The heart of our conservation model
At Singita, conservation encapsulates an interdependent relationship between three critical components: Biodiversity, Community & Sustainability. They are all integral to our model, as we believe Africa needs large and meaningful projects to move the needle.
Focussing on biodiversity conservation, wildlife management, meaningful community partnerships, a commitment to sustainability and treading lightly on the Earth, our strategic partnerships with non-profit Funds & Trusts help to protect unique ecosystems, recover critically endangered species, ensure no further extinction, benefit neighbouring communities under our care and contribute positively to the reduction of GHG emissions through our climate commitments.
Our conservation focus areas
Fulfilling our conservation promise
Managed and functioning independently from Singita, our non-profit Funds & Trusts employ some of the best conservation experts on the continent. They drive strategic and critical initiatives that fulfil Singita’s commitment to biodiversity, sustainability and community partnerships.
Our Conservation Partners
As we continuously work towards achieving our 100-year purpose – the guiding light for all key decisions in each of our operations – it has become clear that strategic partnerships are essential to Singita’s conservation vision for the continent. Partnering with non-profit Funds & Trusts in each of our regions, we work alongside them to achieve our conservation goals. Over the past three decades, this has included successfully implementing various reintroduction and restoration programmes, as well as a wide range of community development partnerships that make a tangible difference in the lives of people living in and around our lodges and camps.
As the custodian of more than 350,000 acres of the world-renowned Serengeti ecosystem in Tanzania – which is home to the Great Migration – the Grumeti Fund is responsible for the reintroduction and recovery of stable wildlife populations, while ensuring that neighbouring rural communities benefit tangibly from these natural areas.
Faced with challenges including uncontrolled illegal hunting, rampant wildfires and spreading strands of invasive alien vegetation when they took over the management of the area in 2003, the Fund dedicated itself to transform severely depleted wildlife numbers into thriving populations once more.
Restoring this once barren and highly degraded region to a flourishing wilderness, their successes include the remarkable recovery of many species – including buffalo, wildebeest and elephant populations, and in 2019, the Fund carried out the largest single relocation and reintroduction of 9 critically endangered Eastern Black Rhino.

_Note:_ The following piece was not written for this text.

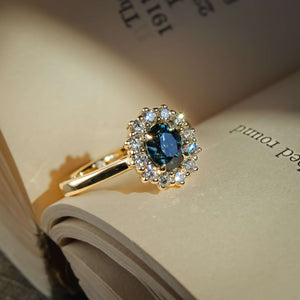 Oval teal sapphire engagement ring with diamond cluster halo setting
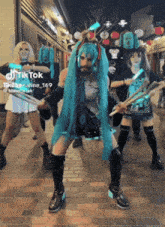 a group of people dressed in costumes are dancing on a brick sidewalk with a caption that says " tik tok "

The Trust also manages an onsite Environmental Education Centre for school teachers and children to immerse themselves in Outdoor Education and fieldwork, and a world-class culinary school.
Singita Lowveld Trust
In South Africa, the Singita Lowveld Trust manages a wide range of conservation projects in Singita Sabi Sand and Singita Kruger National Park – from anti-poaching initiatives to wildlife research & land management, sustainability efforts and community developments projects such as early childhood development, digital learning and a world-class culinary school.
A highly skilled team of tracking dogs and handlers enhance anti-poaching efforts in the Sabi Sand Reserve, while the Trust’s partnership with the global conservation NGO Panthera has shown that the area is home to the largest density of leopards of any protected area surveyed in South Africa. The Panthera’s Furs for Life project – of which Singita is a partner – has reduced the demand for leopard skins with 50%, and Singita is also a strategic founding partner of the Lionscape Coalition, supporting the Lion Recovery Fund’s goal to double wild lion numbers by 2050.
As custodians of the Malilangwe Wildlife Reserve in Zimbabwe, the Malilangwe Trust manages the conservation of this pristine wilderness – which comprises 38 different habitats and ecological zones in 130,000 acres of protected land.
After successfully introducing 28 black and 15 white rhinos to the reserve in 1998, it’s now home to a globally significant population of both and the programme has been so successful that it is a source for restocking rhinos in other reserves on the continent.
The Trust has developed a blueprint for creating harmony between conservation initiatives and community development in villages that neighbour wildlife areas and ensured a sanctuary for a wide range of wildlife, including breeding herds of rare antelope species such as sable and roan.
An onsite Environmental Education Centres for school teachers and children allows them to immerse themselves in Outdoor Education and fieldwork, while the Trust’s nutrition programme provides 20,000 children with a fortifying meal before school every day in order to address increasing food insecurity in the region.